● **DATASET EXCERPTS**:

::::::::::

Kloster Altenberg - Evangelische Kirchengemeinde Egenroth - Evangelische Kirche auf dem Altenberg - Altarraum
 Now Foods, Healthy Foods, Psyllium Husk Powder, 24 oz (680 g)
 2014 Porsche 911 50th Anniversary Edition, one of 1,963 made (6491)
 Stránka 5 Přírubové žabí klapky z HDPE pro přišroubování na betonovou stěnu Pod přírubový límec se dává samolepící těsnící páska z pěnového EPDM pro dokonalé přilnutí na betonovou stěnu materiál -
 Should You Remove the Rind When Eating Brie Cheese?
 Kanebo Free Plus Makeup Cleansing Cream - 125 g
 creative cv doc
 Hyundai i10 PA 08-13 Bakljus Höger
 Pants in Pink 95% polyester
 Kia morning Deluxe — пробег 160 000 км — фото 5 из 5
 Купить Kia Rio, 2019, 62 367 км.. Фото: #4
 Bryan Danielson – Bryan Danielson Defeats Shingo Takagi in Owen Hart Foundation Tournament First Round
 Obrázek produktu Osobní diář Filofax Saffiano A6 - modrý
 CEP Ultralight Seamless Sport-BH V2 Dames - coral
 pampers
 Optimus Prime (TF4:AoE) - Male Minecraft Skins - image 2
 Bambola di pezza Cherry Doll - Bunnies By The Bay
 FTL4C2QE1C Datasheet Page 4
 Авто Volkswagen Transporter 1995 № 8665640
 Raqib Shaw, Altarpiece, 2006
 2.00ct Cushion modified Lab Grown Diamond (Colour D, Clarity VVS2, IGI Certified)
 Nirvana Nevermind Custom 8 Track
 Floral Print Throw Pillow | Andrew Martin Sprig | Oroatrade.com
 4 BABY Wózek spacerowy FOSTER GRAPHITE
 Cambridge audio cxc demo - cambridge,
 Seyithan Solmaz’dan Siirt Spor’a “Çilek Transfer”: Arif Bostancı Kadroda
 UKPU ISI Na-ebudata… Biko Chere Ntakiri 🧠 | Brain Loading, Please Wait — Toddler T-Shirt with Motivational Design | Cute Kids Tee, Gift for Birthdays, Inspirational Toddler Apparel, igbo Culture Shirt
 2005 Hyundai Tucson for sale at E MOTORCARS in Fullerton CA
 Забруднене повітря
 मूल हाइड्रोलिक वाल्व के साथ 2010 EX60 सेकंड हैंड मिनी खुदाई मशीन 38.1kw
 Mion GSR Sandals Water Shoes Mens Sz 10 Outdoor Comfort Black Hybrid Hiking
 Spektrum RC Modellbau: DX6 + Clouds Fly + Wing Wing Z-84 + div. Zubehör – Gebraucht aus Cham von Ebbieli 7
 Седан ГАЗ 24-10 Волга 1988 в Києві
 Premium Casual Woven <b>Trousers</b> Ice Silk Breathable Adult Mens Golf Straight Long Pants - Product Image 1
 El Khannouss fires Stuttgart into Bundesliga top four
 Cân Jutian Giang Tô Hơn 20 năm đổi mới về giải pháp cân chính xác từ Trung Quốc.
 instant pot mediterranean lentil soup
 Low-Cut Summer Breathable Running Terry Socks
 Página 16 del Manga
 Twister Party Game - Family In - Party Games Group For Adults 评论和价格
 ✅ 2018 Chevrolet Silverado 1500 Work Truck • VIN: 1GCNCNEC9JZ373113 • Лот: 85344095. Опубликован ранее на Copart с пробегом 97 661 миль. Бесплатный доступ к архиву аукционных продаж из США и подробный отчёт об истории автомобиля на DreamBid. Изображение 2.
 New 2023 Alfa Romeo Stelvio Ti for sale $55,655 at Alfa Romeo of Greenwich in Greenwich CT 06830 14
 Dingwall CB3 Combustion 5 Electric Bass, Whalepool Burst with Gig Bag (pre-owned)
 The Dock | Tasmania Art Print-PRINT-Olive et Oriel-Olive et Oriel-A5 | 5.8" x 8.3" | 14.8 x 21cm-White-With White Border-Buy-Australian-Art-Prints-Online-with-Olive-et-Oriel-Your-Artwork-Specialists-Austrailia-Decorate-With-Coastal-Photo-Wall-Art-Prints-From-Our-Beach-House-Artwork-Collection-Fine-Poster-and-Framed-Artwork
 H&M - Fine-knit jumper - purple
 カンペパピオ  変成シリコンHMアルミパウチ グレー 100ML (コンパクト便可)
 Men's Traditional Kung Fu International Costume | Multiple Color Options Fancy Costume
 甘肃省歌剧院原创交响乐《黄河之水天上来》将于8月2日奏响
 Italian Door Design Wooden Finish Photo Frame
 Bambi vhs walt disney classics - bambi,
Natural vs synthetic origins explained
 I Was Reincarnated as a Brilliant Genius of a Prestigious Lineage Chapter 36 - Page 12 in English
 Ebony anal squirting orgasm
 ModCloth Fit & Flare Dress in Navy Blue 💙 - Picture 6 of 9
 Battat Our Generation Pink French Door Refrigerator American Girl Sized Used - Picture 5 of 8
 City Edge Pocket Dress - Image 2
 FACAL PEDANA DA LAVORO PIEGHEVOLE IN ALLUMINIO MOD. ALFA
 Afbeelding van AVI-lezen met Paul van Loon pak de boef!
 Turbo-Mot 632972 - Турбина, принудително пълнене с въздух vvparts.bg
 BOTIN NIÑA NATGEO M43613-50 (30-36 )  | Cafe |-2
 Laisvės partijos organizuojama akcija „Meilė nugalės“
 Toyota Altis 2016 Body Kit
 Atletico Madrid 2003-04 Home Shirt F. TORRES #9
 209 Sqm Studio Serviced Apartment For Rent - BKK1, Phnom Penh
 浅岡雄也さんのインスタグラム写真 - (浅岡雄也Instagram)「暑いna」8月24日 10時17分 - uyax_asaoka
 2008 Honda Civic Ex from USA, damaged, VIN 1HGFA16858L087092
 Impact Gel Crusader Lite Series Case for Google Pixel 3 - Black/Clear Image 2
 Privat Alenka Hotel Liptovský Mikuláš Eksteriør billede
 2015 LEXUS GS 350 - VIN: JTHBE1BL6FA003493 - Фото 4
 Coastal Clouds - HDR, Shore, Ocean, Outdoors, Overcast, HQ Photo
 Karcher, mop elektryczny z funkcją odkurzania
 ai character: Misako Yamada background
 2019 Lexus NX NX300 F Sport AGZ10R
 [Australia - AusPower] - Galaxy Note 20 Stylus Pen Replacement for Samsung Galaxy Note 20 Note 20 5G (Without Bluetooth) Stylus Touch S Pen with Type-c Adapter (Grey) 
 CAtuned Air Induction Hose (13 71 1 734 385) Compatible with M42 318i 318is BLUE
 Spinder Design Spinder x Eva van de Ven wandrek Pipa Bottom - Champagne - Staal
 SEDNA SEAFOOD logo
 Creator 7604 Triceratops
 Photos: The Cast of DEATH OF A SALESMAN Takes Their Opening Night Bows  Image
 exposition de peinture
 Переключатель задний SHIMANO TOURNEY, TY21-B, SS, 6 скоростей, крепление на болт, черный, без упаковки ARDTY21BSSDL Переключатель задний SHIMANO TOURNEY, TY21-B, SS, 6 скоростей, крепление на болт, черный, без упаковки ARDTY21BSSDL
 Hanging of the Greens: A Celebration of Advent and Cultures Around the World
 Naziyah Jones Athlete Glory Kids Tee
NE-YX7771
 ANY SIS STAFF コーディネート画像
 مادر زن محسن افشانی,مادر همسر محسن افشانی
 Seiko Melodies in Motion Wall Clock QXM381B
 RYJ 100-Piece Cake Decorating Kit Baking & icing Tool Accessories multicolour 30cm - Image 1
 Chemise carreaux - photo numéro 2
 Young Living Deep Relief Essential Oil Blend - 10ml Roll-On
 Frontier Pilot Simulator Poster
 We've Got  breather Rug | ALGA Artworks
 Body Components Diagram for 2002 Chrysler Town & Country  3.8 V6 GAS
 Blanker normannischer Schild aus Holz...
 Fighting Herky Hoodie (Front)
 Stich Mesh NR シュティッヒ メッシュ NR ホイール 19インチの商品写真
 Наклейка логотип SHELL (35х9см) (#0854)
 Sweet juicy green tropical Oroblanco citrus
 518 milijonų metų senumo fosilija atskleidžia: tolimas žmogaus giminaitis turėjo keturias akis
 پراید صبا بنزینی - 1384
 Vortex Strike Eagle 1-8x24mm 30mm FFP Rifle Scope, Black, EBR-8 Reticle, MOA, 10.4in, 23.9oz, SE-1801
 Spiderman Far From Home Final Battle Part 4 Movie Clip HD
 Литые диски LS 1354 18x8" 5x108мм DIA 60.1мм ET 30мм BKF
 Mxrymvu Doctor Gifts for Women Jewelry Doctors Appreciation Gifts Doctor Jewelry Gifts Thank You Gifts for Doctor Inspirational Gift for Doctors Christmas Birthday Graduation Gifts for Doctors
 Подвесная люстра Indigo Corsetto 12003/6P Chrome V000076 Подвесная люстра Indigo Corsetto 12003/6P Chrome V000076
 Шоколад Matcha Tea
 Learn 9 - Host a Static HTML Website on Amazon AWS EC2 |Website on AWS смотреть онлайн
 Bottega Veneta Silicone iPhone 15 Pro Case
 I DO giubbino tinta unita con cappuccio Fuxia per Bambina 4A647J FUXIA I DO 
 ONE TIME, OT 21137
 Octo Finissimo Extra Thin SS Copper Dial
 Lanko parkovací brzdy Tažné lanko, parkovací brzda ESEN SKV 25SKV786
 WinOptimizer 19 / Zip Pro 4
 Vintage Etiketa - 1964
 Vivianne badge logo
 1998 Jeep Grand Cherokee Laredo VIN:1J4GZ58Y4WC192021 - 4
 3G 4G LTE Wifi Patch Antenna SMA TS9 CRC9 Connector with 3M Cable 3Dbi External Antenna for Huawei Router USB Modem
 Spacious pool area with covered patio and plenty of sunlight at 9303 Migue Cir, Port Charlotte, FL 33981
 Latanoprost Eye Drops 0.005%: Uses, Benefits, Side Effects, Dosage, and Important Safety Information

::::::::::

● **YOUR INSTRUCTIONS**:
The lines above from the one with "Fighting Herky Hoodie (Front)" through the one with "Vortex Strike Eagle" are to be duplicated exactly, ends included, with nothing added.

● **ANSWER BOX**:
 Fighting Herky Hoodie (Front)
 Stich Mesh NR シュティッヒ メッシュ NR ホイール 19インチの商品写真
 Наклейка логотип SHELL (35х9см) (#0854)
 Sweet juicy green tropical Oroblanco citrus
 518 milijonų metų senumo fosilija atskleidžia: tolimas žmogaus giminaitis turėjo keturias akis
 پراید صبا بنزینی - 1384
 Vortex Strike Eagle 1-8x24mm 30mm FFP Rifle Scope, Black, EBR-8 Reticle, MOA, 10.4in, 23.9oz, SE-1801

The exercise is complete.